My first connection to Sigma Pi Sigma was through Cecil Shugart, the first director of the Society of Physics Students, appointed in 1968, and the president of Sigma Pi Sigma from 1972 to 1976. I met him around 1974, I believe, as a middle school student participating in a summer science program (Astronomy!, Electronics!, Atoms!) when he was chair of the physics department at Northeast Louisiana University, now the University of Louisiana at Monroe. I could not have imagined that I would eventually take on that same director role some 27 years later. His sphere of influence (SOI) was large, and even from the margins and at that very young age I could see how much I benefited from his leadership and the strong sense of community he helped to establish.

Speaking of spheres of influence, I invite you to consider for a few minutes your own SOI, not in a self-aggrandizing way, but rather as a fun exercise in visualizing how we impact so many others. Imagine a personal and literal sphere that encloses you, with a radius of a meter or so, which is also the correct size for social distancing! I envision a Gaussian surface like we talk about in my Griffiths E&M class, since I am teaching about that later today.

Now, consider how your personal “sphere” evolves over time. Envision how even as you sleep your personal sphere sweeps out the shape of a curved tube because of Earth’s rotation; if you stay in bed all day on a rotating Earth whose center is fixed, your SOI can be represented by a thin torus—a doughnut of influence, in fact—encircling the whole Earth!
But wait—Earth’s center is not fixed! It has revolved to a new position while you were sleeping, which suggests that the ends of your doughnut will not actually connect and a sort of helical tunnel structure might better represent your personal SOI. Your own helical tunnel of influence (HTOI) will be flanked by many other helical tunnels representing all the other people in your life—numerous HTOIs, like so many fibers in a twisted coil of flat cable.

Now imagine how these HTOIs change as each person gets up and starts their day, heading to class, getting in a morning run, commuting to work. They begin to weave in and around each other, crossing and separating, intersecting, providing myriad chances to influence each other. Each day produces more twists and interactions among the fibers; what started out as a bit of simple spherical-cow imagery has become an unimaginably connected set of tunnels of opportunity, a weaving together of influences of impossible complexity.
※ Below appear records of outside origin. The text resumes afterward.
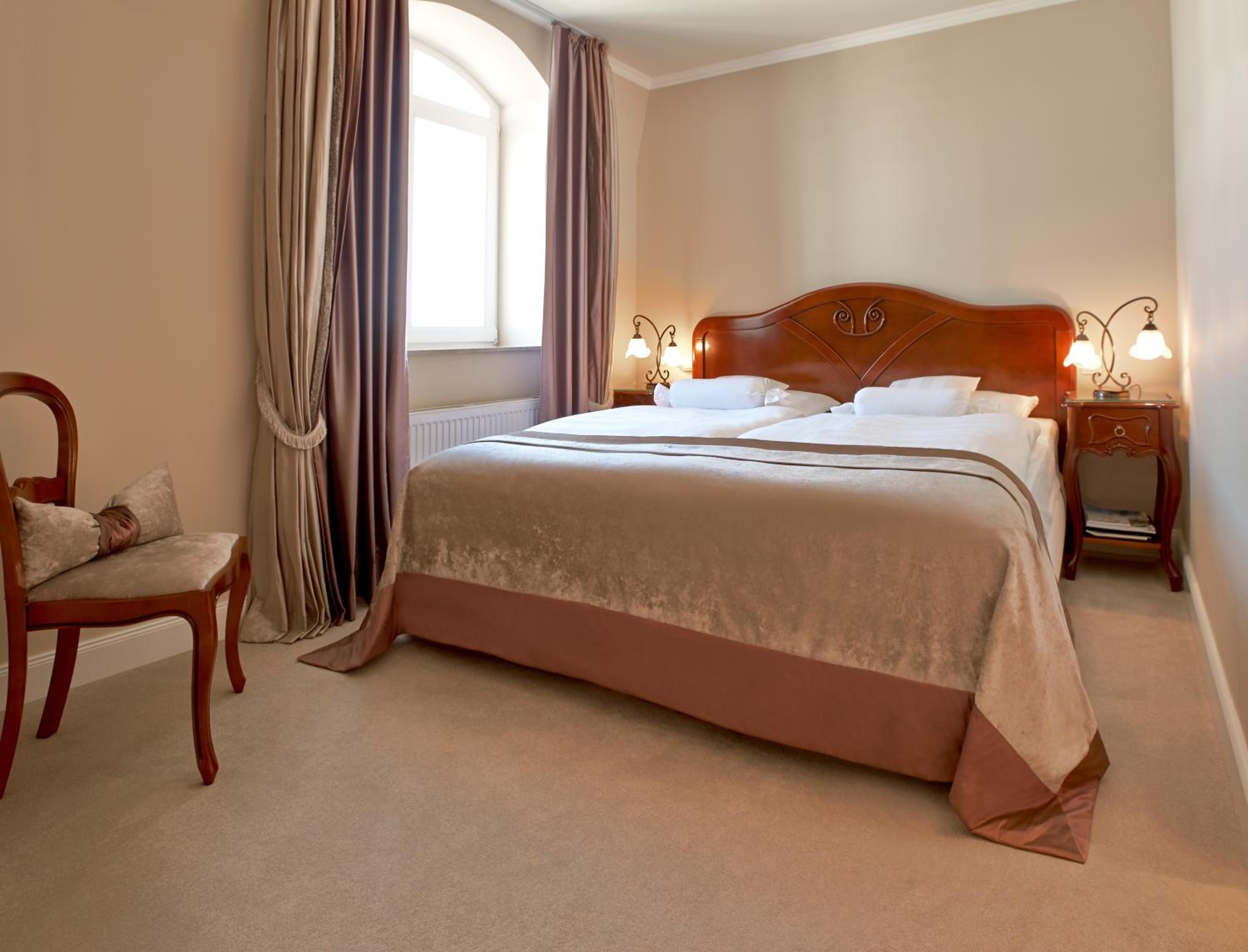 Doppelzimmer (Zimmerwechsel während des Aufenthalts)
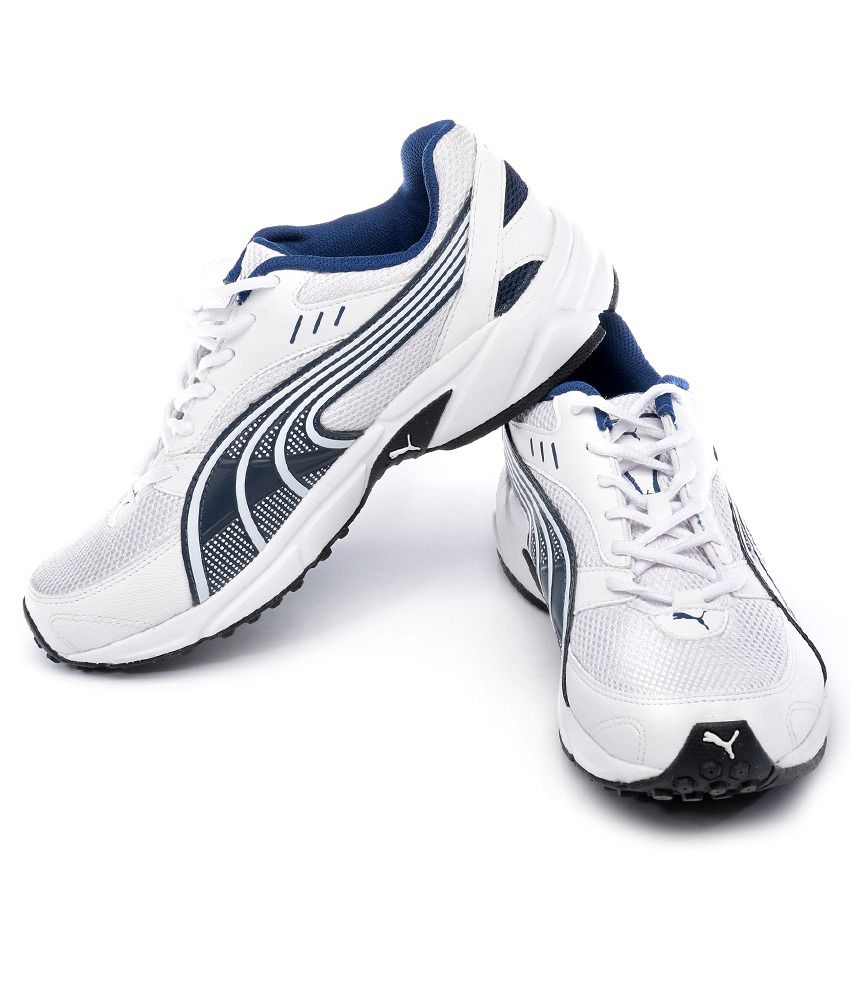 Puma White And Blue Sport Shoes - Buy Puma White And Blue Sport Shoes ...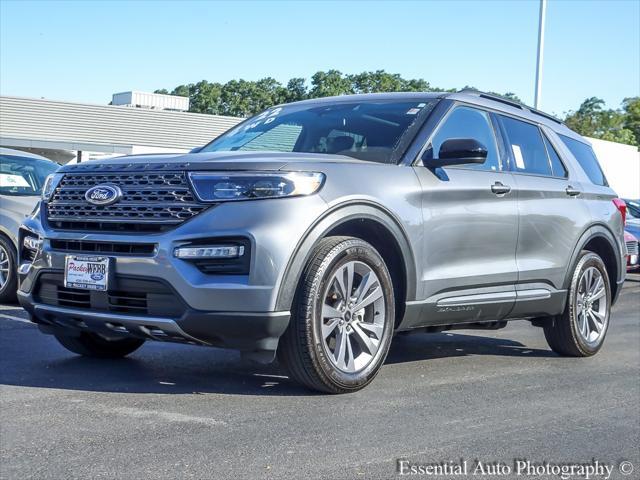 used 2022 Ford Explorer car, priced at $35,900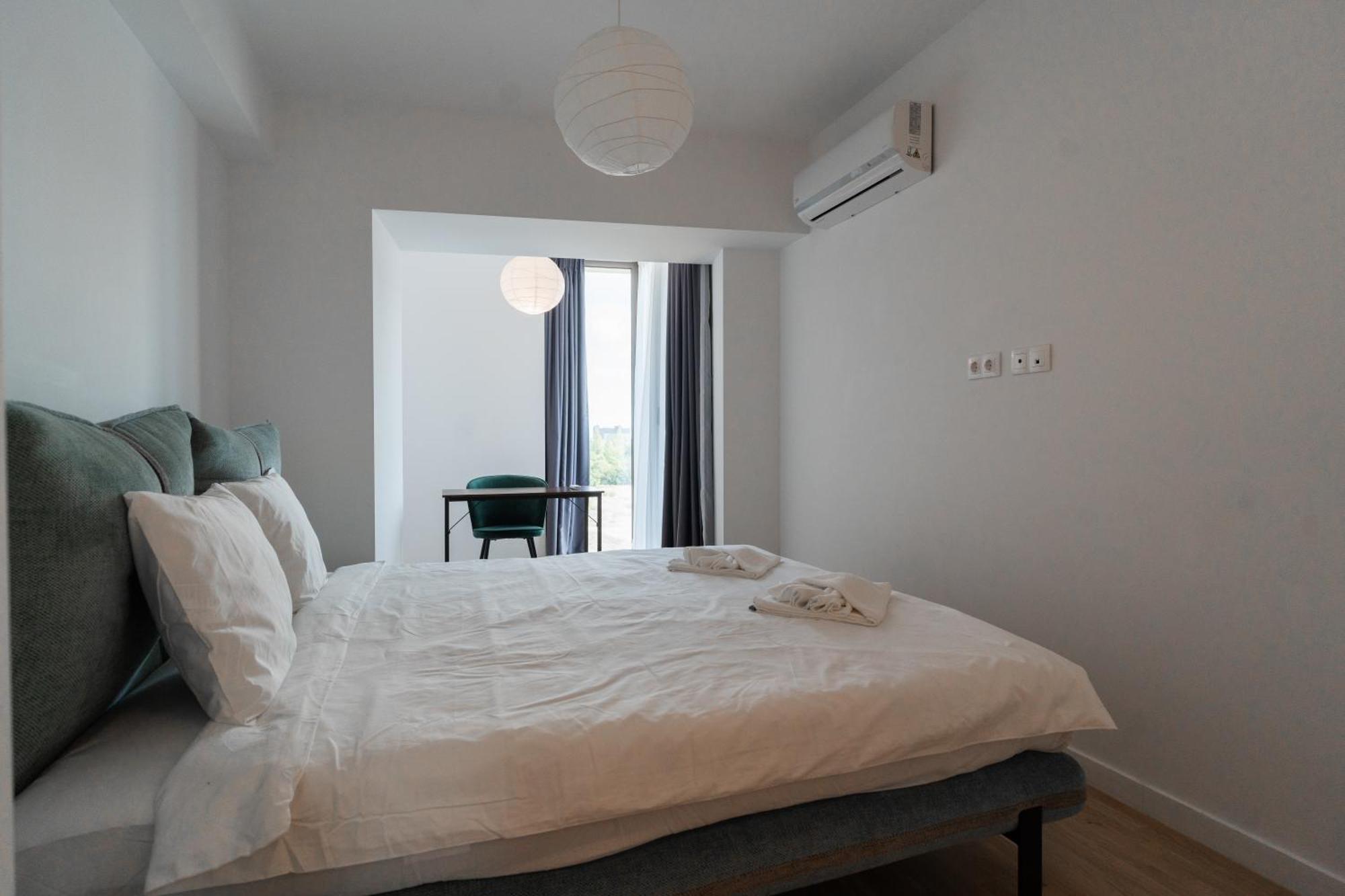 Lagoon Park Apartments With Beach View Bucareste Exterior foto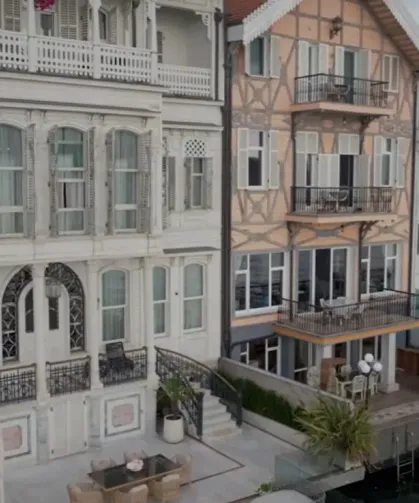 Tuzlu Kahve hangi yalıda çekildi?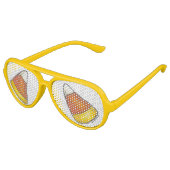 Candy Corn Halloween Thanksgiving Trick or treat Aviator Zonnebril (Gekanteld)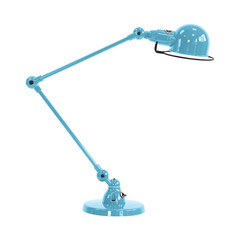 Jieldé Signal SI333 stolní lampa s podstavcem, modrá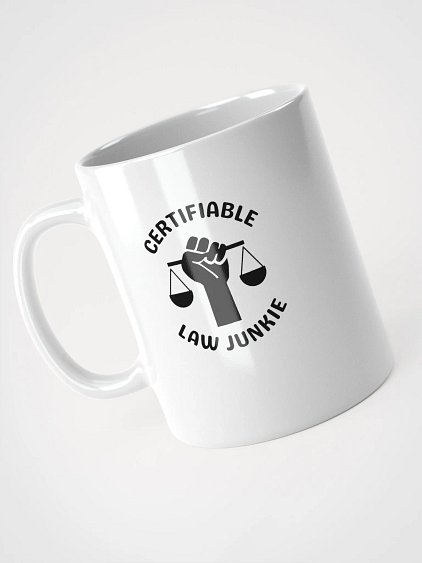 Certifiable Law Junkie Coffee Mug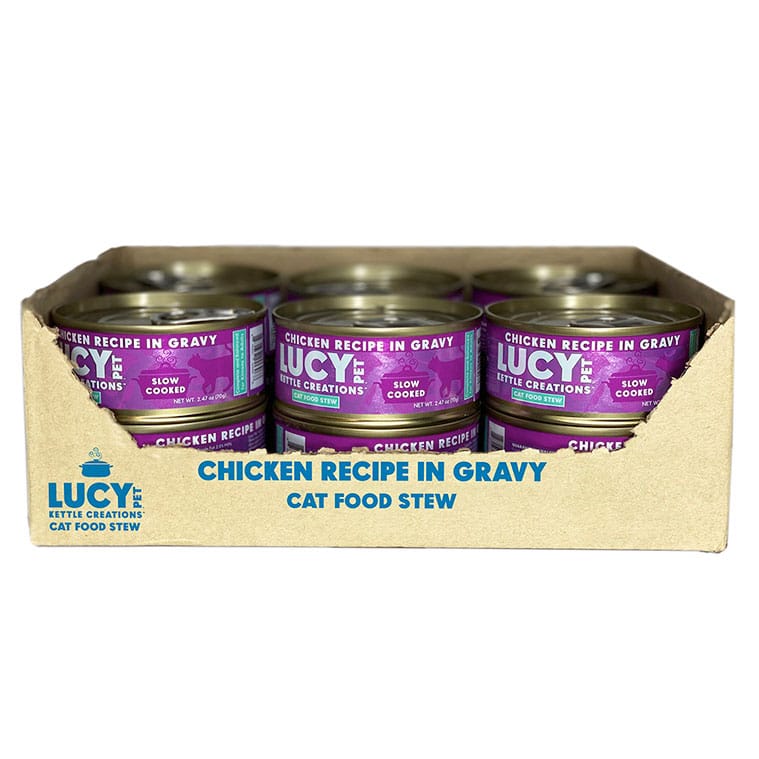 Kettle Creations® Chicken Recipe in Gravy- Cat Food Case of 12 - Image 2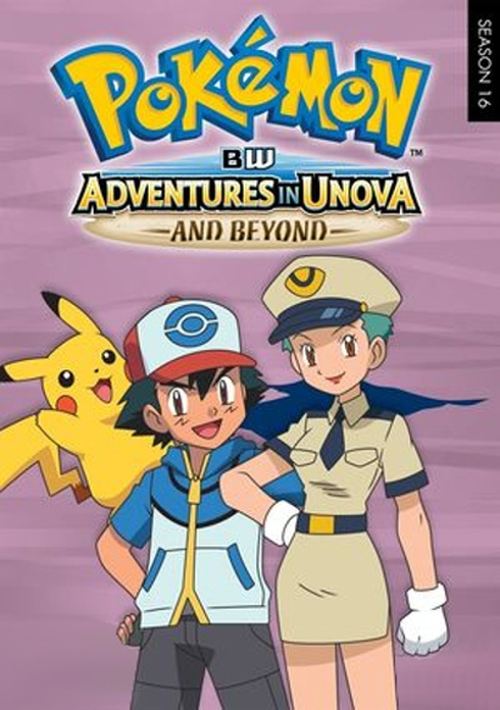 Pokémon Season 16 BW Adventures in Unova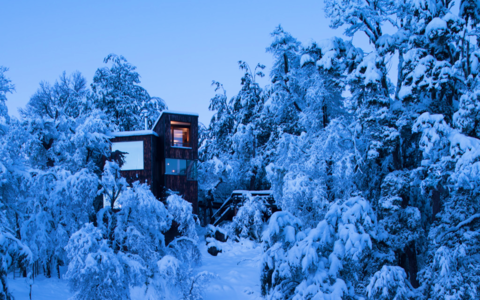 Berg Retreat "LA DACHA"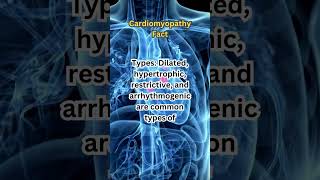 Common Types of Cardiomyopathy shorts [upl. by Dott]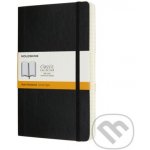 Moleskine Zápisník Expanded A5 měkké desky linkovaný, černý 200 listů – Zboží Živě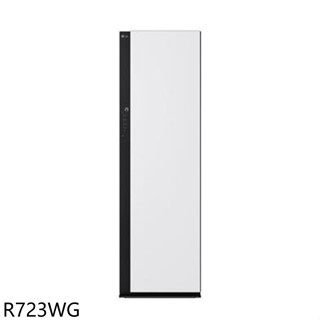 LG樂金【R723WG】蒸氣Styler輕乾洗機五件組雪霧白電子衣櫥(含標準安裝)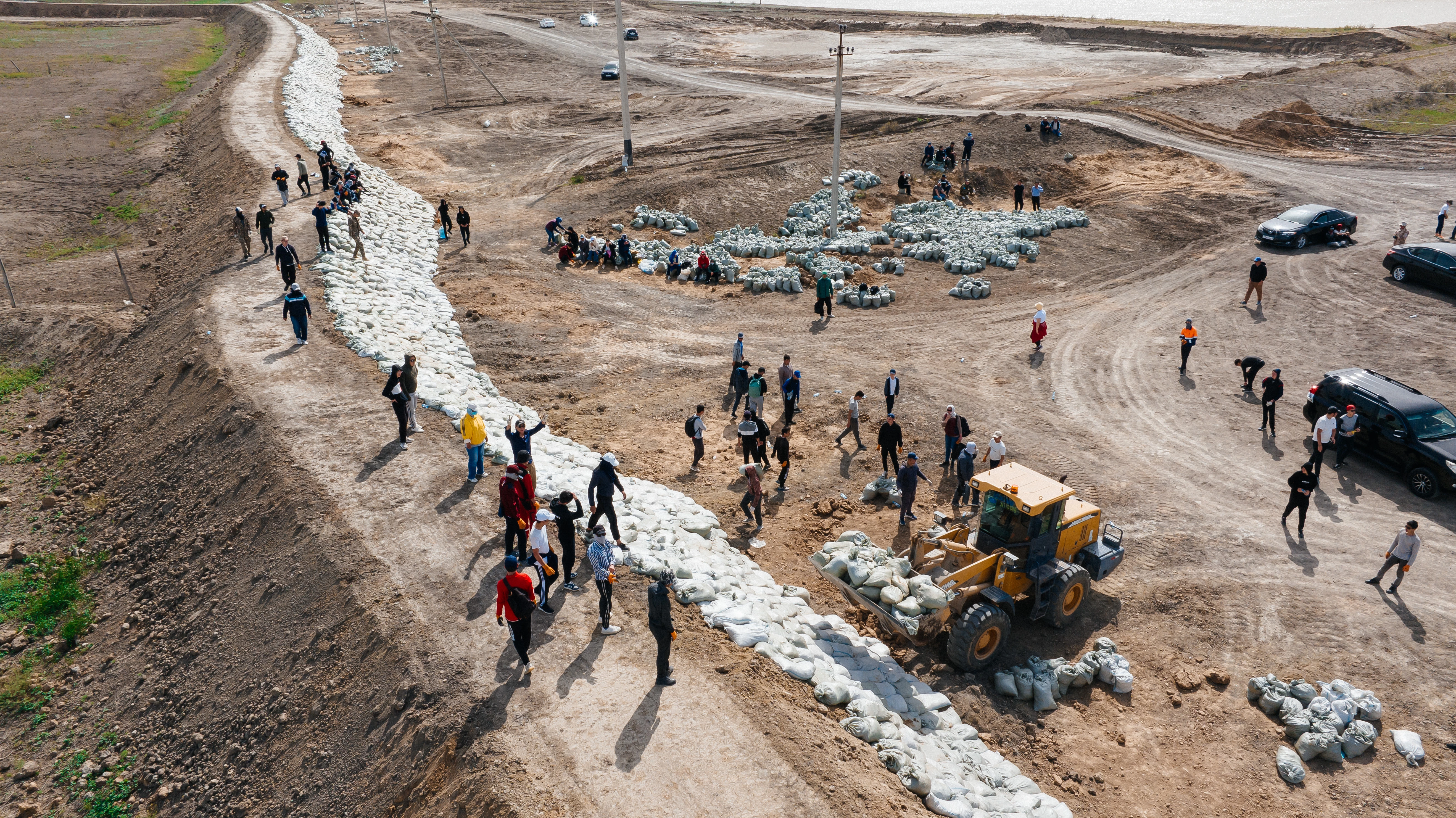 Уникальную карту паводка 2024 года передали в музей в Атырауской области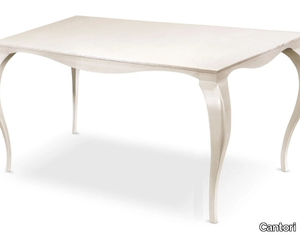 RAFFAELLO - Square wooden table _ Cantori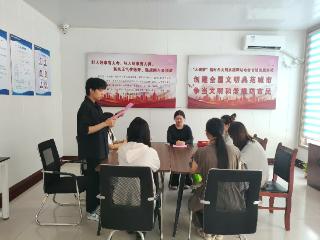 【社会主义核心价值观“五个融入”】济南市莱芜区方下街道开展“七夕情·家国情·阅莱阅好·悦读秋韵”青年经典诵读活动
And this picture doesn’t even consider virtual connections, idea sharing through papers and articles, or higher-order influence effects!

Finally, imagine the 100 years since ΣПΣ began, in which this bundle of interlocking fibers curves onward in a hundred larger spirals, toward some future that I hope is improved because of the physicists’ presence within—because of your influence within!

I hope that you will consider your own HTOI within this bundle and use your influence to help make physics, and the world, a place that is more welcoming, more inviting, and more friendly to all, certainly more so than it has been in the past. What better way is there to realize the four dimensions of ΣПΣ: honor, encouragement, service, and fellowship? 

George Washington University SPS students Erin Mulhearn and Ian Dragulet hard at work discussing surfaces, gradients, and curls in Griffith’s Introduction to Electrodynamics course. Photo by Gary White.


*See the fascinating story of the creation of SPS in D. E. Cunningham, L. W. Seagondollar, C. G. Shugart, A. A. Strassenburg, and M. W. White, “The New Organization of Physics Students,” Phys. Today 21, no. 9, 59 (1968), doi: 10.1063/1.3035154.